** Action item **
Please restate, word for word, the lines below that begin at the one with "Nếu ốc sên có" and end at the one with "Leptochloa panicea subsp. brachiata image". Leave out all other lines.

** Dataset extract **
━━━━━━━━━━━━━━━━
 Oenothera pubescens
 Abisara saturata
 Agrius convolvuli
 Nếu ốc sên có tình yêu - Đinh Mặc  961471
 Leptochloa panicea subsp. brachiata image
━━━━━━━━━━━━━━━━
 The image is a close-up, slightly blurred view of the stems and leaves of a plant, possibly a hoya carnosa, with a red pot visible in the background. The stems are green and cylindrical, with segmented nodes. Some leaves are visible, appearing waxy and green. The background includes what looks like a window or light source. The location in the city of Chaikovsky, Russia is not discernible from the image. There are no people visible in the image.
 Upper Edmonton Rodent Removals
━━━━━━━━━━━━━━━━
** Response **
 Nếu ốc sên có tình yêu - Đinh Mặc  961471
 Leptochloa panicea subsp. brachiata image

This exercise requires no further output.